Tuesday, July 22, 2014

Confessional (Makes Us Feel Better)

OK, so let's get cosy and start today's confessional - who has some eating habits that give them grief? Who has children whose eating habits give them grief? I'll start shall I? The answer to both questions is YES and YES.

Jess and I both mentioned our NEED for sweets in the comments in the last post. Such a sweet tooth as I have, I find it quite difficult to finish a meal without something sweet. Not surprising, as it is an evolutionary quirk to crave sugar. Sweetness indicates calories, and a craving for calories was a definite evolutionary advantage, especially for children growing up in a world where every calorie counted toward survival. I don't know if you have noticed, but there are enough calories to go round for all of our middle class children, and also their mamas. Do you know, last night I read an extraordinary statistic - there are 1 billion malnourished people in the world, and 2 BILLION overweight people. I read this to my kids and asked them to do the math. What is wrong with us all that we can't balance that statistic out?

Several years ago I was 10kg heavier than I am now. I am currently 6kg heavier than I was when I first remember ever stepping on a scale, when I was pregnant with my first baby at 22. I probably don't want to go back to the 49kg I was then, but I could easily lose another 3kg to get my proper waist back (I am also very short, with tiny bones. At 52kg I would still be well within the 'healthy weight' guidelines for my height, so all you motherly types out there need not worry. Including my sister-in-law, yes, I am looking at you Aly!). I am beginning to think about weight as a 'green' issue, and also a social justice issue. I didn't gain 15kg by eating a mainly vegetarian diet with the occasional grass fed local meat, free range eggs and local dairy, whilst walking everywhere or riding a bike. I gained 15kg by sitting on the couch every night after dinner, eating a packet of chocolate biscuits with The Man while watching telly. And driving the kids everywhere in the car, and eating all their left overs, and teaching them to bake cakes instead of dinner. Also eating take away, and fish fingers, and ice cream. And peanut butter toast. Lots of peanut butter toast, because it doesn't require cooking. In other words, eating a pretty standard Western diet. And even though we always ate our vegies and provided a reasonably nutritious diet for the children, it wasn't a way of living that caused us to be bursting with health and vitality. Also, driving the children to soccer and ballet provides them with exercise, but not their mama. Oops.

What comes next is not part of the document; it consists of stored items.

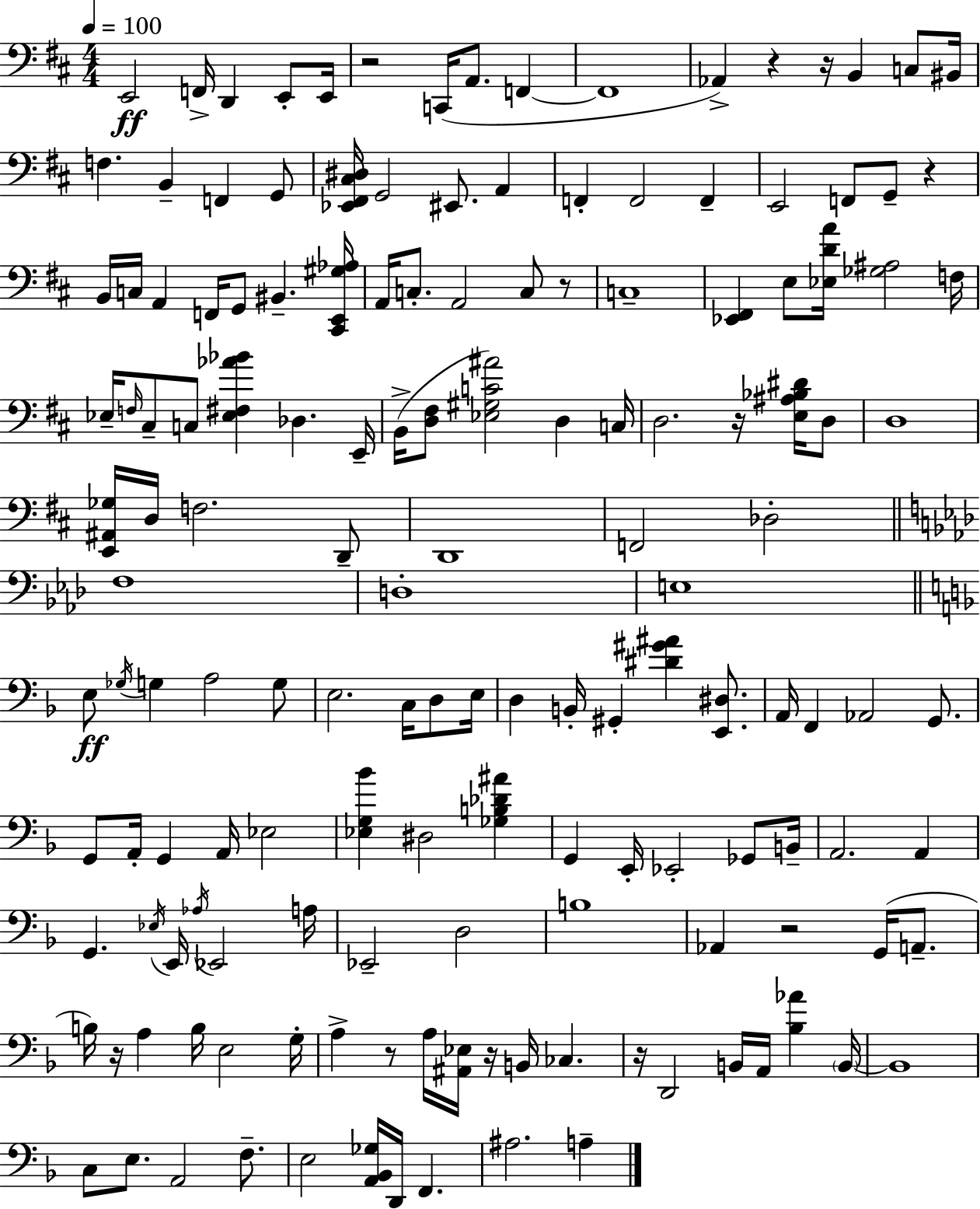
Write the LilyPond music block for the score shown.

{
  \clef bass
  \numericTimeSignature
  \time 4/4
  \key d \major
  \tempo 4 = 100
  \repeat volta 2 { e,2\ff f,16-> d,4 e,8-. e,16 | r2 c,16( a,8. f,4~~ | f,1 | aes,4->) r4 r16 b,4 c8 bis,16 | \break f4. b,4-- f,4 g,8 | <ees, fis, cis dis>16 g,2 eis,8. a,4 | f,4-. f,2 f,4-- | e,2 f,8 g,8-- r4 | \break b,16 c16 a,4 f,16 g,8 bis,4.-- <cis, e, gis aes>16 | a,16 c8.-. a,2 c8 r8 | c1-- | <ees, fis,>4 e8 <ees d' a'>16 <ges ais>2 f16 | \break ees16-- \grace { f16 } cis8-- c8 <ees fis aes' bes'>4 des4. | e,16-- b,16->( <d fis>8 <ees gis c' ais'>2) d4 | c16 d2. r16 <e ais bes dis'>16 d8 | d1 | \break <e, ais, ges>16 d16 f2. d,8-- | d,1 | f,2 des2-. | \bar "||" \break \key aes \major f1 | d1-. | e1 | \bar "||" \break \key f \major e8\ff \acciaccatura { ges16 } g4 a2 g8 | e2. c16 d8 | e16 d4 b,16-. gis,4-. <dis' gis' ais'>4 <e, dis>8. | a,16 f,4 aes,2 g,8. | \break g,8 a,16-. g,4 a,16 ees2 | <ees g bes'>4 dis2 <ges b des' ais'>4 | g,4 e,16-. ees,2-. ges,8 | b,16-- a,2. a,4 | \break g,4. \acciaccatura { ees16 } e,16 \acciaccatura { aes16 } ees,2 | a16 ees,2-- d2 | b1 | aes,4 r2 g,16( | \break a,8.-- b16) r16 a4 b16 e2 | g16-. a4-> r8 a16 <ais, ees>16 r16 b,16 ces4. | r16 d,2 b,16 a,16 <bes aes'>4 | \parenthesize b,16~~ b,1 | \break c8 e8. a,2 | f8.-- e2 <a, bes, ges>16 d,16 f,4. | ais2. a4-- | } \bar "|."
} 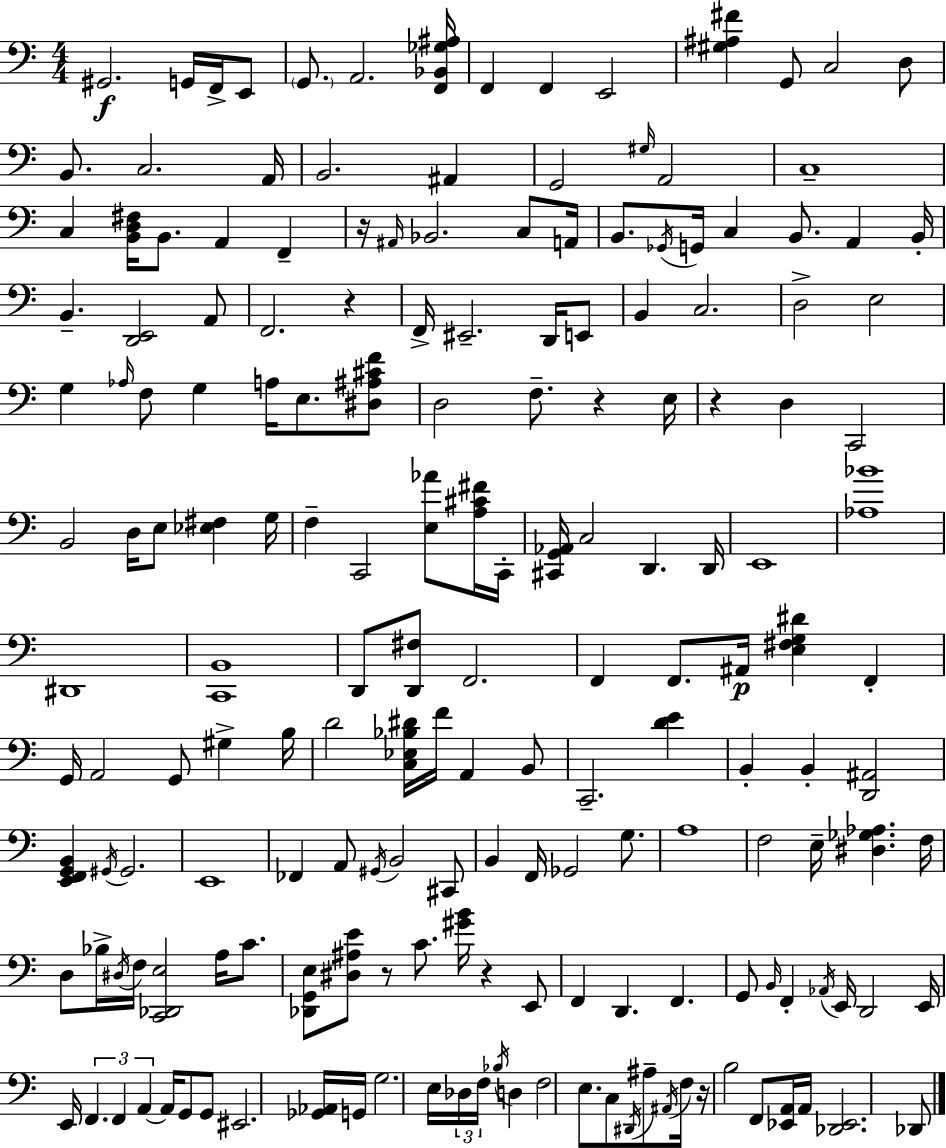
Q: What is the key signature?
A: C major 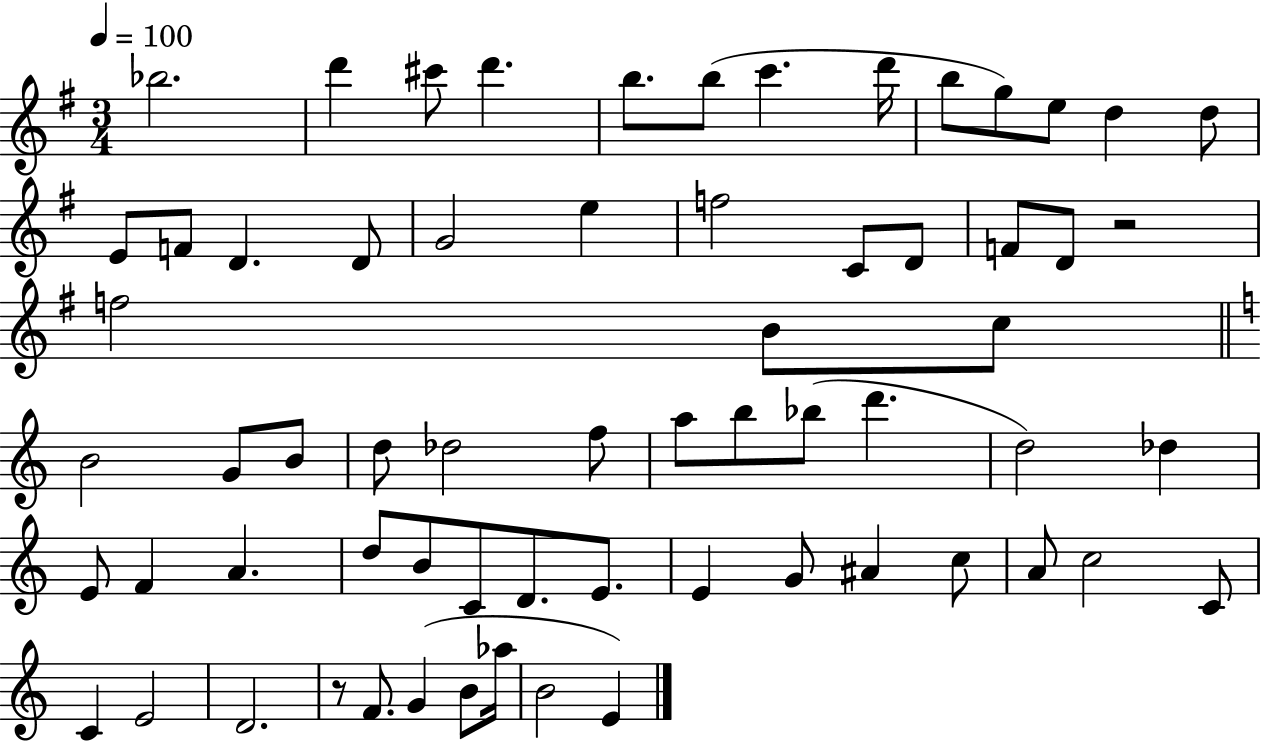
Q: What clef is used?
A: treble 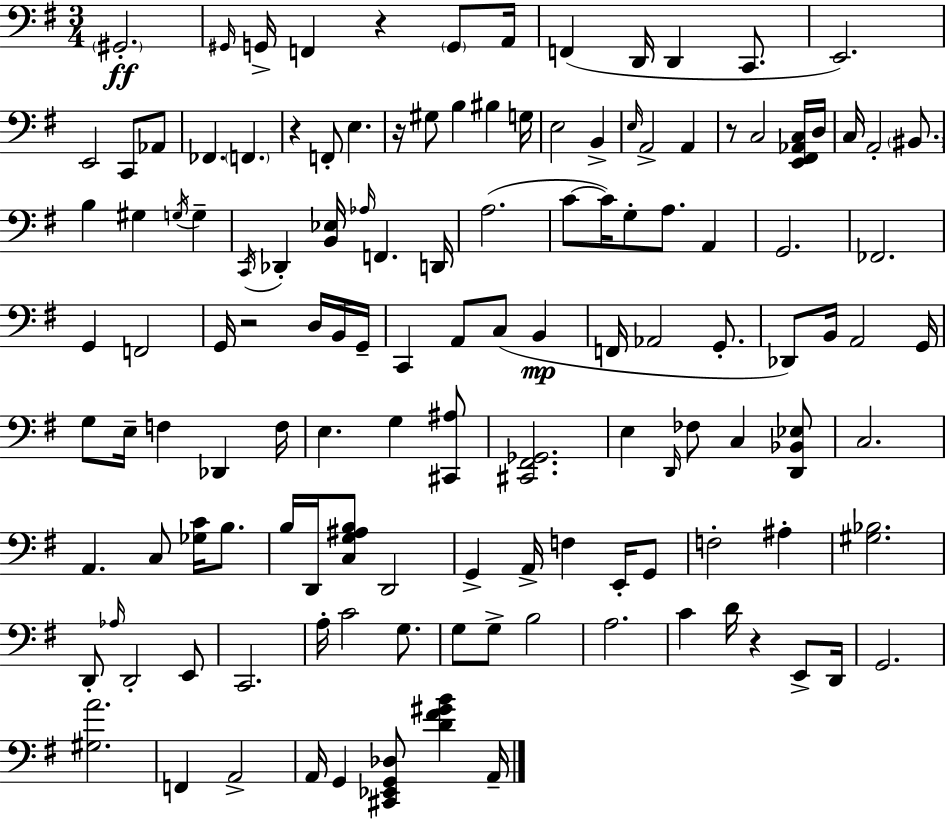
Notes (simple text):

G#2/h. G#2/s G2/s F2/q R/q G2/e A2/s F2/q D2/s D2/q C2/e. E2/h. E2/h C2/e Ab2/e FES2/q. F2/q. R/q F2/e E3/q. R/s G#3/e B3/q BIS3/q G3/s E3/h B2/q E3/s A2/h A2/q R/e C3/h [E2,F#2,Ab2,C3]/s D3/s C3/s A2/h BIS2/e. B3/q G#3/q G3/s G3/q C2/s Db2/q [B2,Eb3]/s Ab3/s F2/q. D2/s A3/h. C4/e C4/s G3/e A3/e. A2/q G2/h. FES2/h. G2/q F2/h G2/s R/h D3/s B2/s G2/s C2/q A2/e C3/e B2/q F2/s Ab2/h G2/e. Db2/e B2/s A2/h G2/s G3/e E3/s F3/q Db2/q F3/s E3/q. G3/q [C#2,A#3]/e [C#2,F#2,Gb2]/h. E3/q D2/s FES3/e C3/q [D2,Bb2,Eb3]/e C3/h. A2/q. C3/e [Gb3,C4]/s B3/e. B3/s D2/s [C3,G3,A#3,B3]/e D2/h G2/q A2/s F3/q E2/s G2/e F3/h A#3/q [G#3,Bb3]/h. D2/e Ab3/s D2/h E2/e C2/h. A3/s C4/h G3/e. G3/e G3/e B3/h A3/h. C4/q D4/s R/q E2/e D2/s G2/h. [G#3,A4]/h. F2/q A2/h A2/s G2/q [C#2,Eb2,G2,Db3]/e [D4,F#4,G#4,B4]/q A2/s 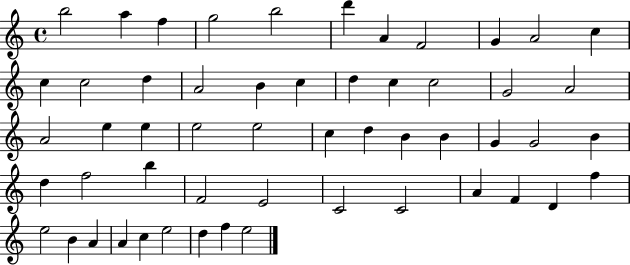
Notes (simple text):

B5/h A5/q F5/q G5/h B5/h D6/q A4/q F4/h G4/q A4/h C5/q C5/q C5/h D5/q A4/h B4/q C5/q D5/q C5/q C5/h G4/h A4/h A4/h E5/q E5/q E5/h E5/h C5/q D5/q B4/q B4/q G4/q G4/h B4/q D5/q F5/h B5/q F4/h E4/h C4/h C4/h A4/q F4/q D4/q F5/q E5/h B4/q A4/q A4/q C5/q E5/h D5/q F5/q E5/h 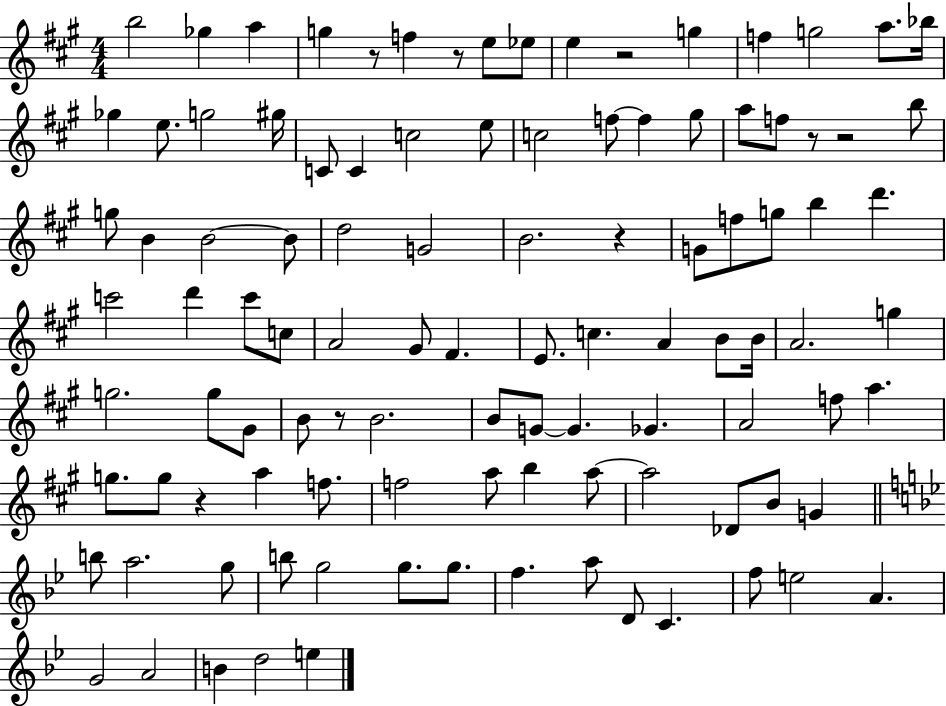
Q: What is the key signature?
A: A major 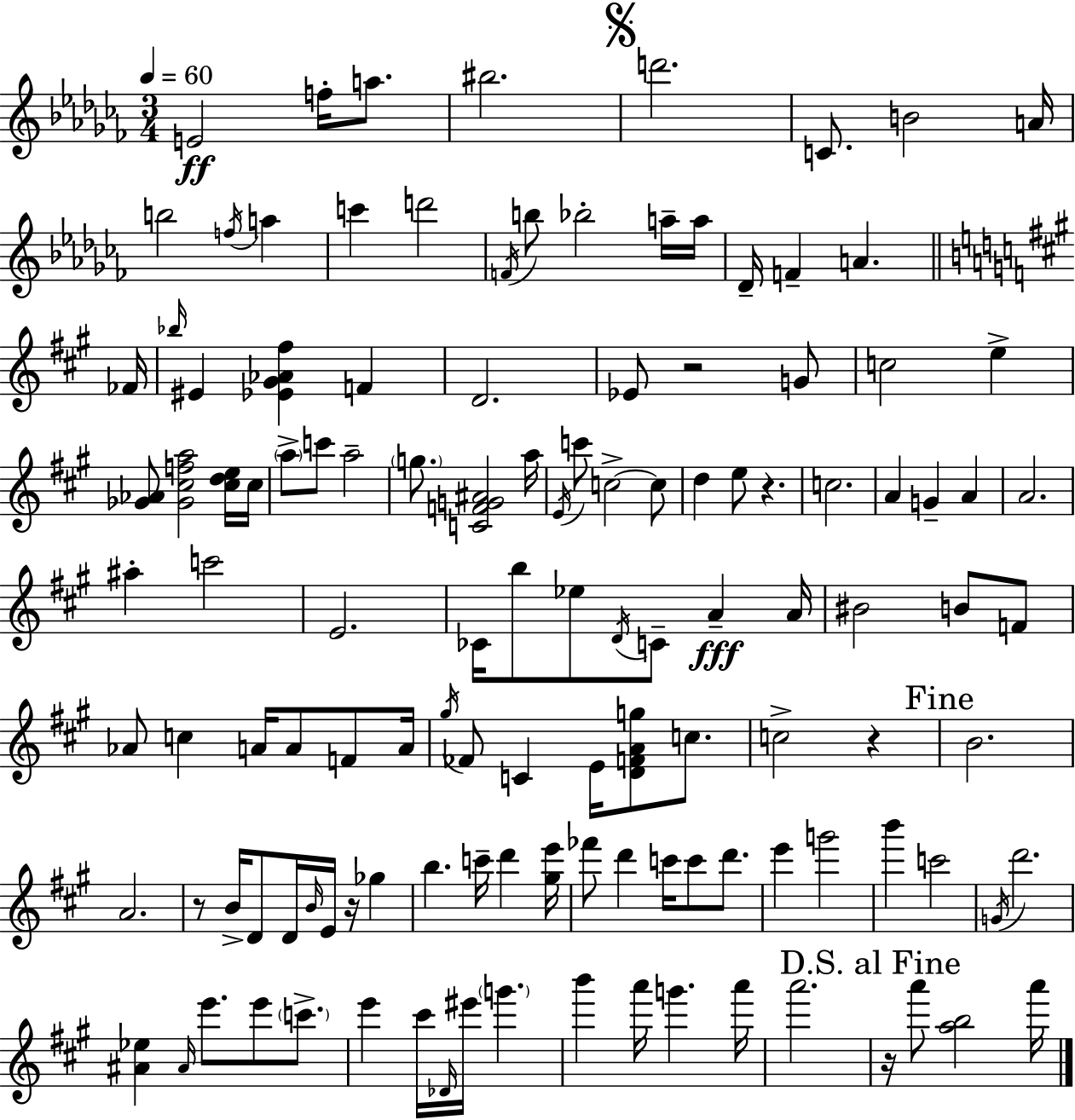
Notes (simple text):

E4/h F5/s A5/e. BIS5/h. D6/h. C4/e. B4/h A4/s B5/h F5/s A5/q C6/q D6/h F4/s B5/e Bb5/h A5/s A5/s Db4/s F4/q A4/q. FES4/s Bb5/s EIS4/q [Eb4,G#4,Ab4,F#5]/q F4/q D4/h. Eb4/e R/h G4/e C5/h E5/q [Gb4,Ab4]/e [Gb4,C#5,F5,A5]/h [C#5,D5,E5]/s C#5/s A5/e C6/e A5/h G5/e. [C4,F4,G4,A#4]/h A5/s E4/s C6/e C5/h C5/e D5/q E5/e R/q. C5/h. A4/q G4/q A4/q A4/h. A#5/q C6/h E4/h. CES4/s B5/e Eb5/e D4/s C4/e A4/q A4/s BIS4/h B4/e F4/e Ab4/e C5/q A4/s A4/e F4/e A4/s G#5/s FES4/e C4/q E4/s [D4,F4,A4,G5]/e C5/e. C5/h R/q B4/h. A4/h. R/e B4/s D4/e D4/s B4/s E4/s R/s Gb5/q B5/q. C6/s D6/q [G#5,E6]/s FES6/e D6/q C6/s C6/e D6/e. E6/q G6/h B6/q C6/h G4/s D6/h. [A#4,Eb5]/q A#4/s E6/e. E6/e C6/e. E6/q C#6/s Db4/s EIS6/s G6/q. B6/q A6/s G6/q. A6/s A6/h. R/s A6/e [A5,B5]/h A6/s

And let's look at just one packet of chocolate biscuits from an ethical point of view. Plastic wrap, will not break down for hundreds of years in landfill. When it finally does, it breaks into tiny, tiny pieces of plastic that are absorbed by bugs and worms and other organisms, and nobody really understands what that does to them. Probably not a lot of good, but who knows? Inner plastic tray that can be recycled once, into a plastic bench or something, but when that bench wears out? Can't be recycled again (I actually don't know why this is so. Probably something to do with science or technology. Not my areas). Chocolate harvested by who? Possibly indentured child labour, children sold by parents or guardians to keep the rest of the family alive. Enormous cacao plantations owned by wealthy landlords displacing local agriculture in Africa and South America. Other ingredients from all over the world shipped to a central factory to be processed and packed. Have you noticed Cadbury's is now exploiting economies of scale by only making one product at each of its factories? Our Tasmanian factory only makes Milk Tray chocolates, as far as I know. Our chocolate biscuits are now made in England, and shipped here. And most of us will buy our chocolate biscuits from a giant supermarket chain, which will be zipping its profits out of the community to its owners and shareholders, as well as zipping all its products around the country and the world in giant trucks. Even knowing all this, I still do occasionally buy a packet of chocolate biscuits. Not very often though. Often not for a year at a time. I find plenty of other sweet things to finish a meal with though, mostly baked by my lovely daughters.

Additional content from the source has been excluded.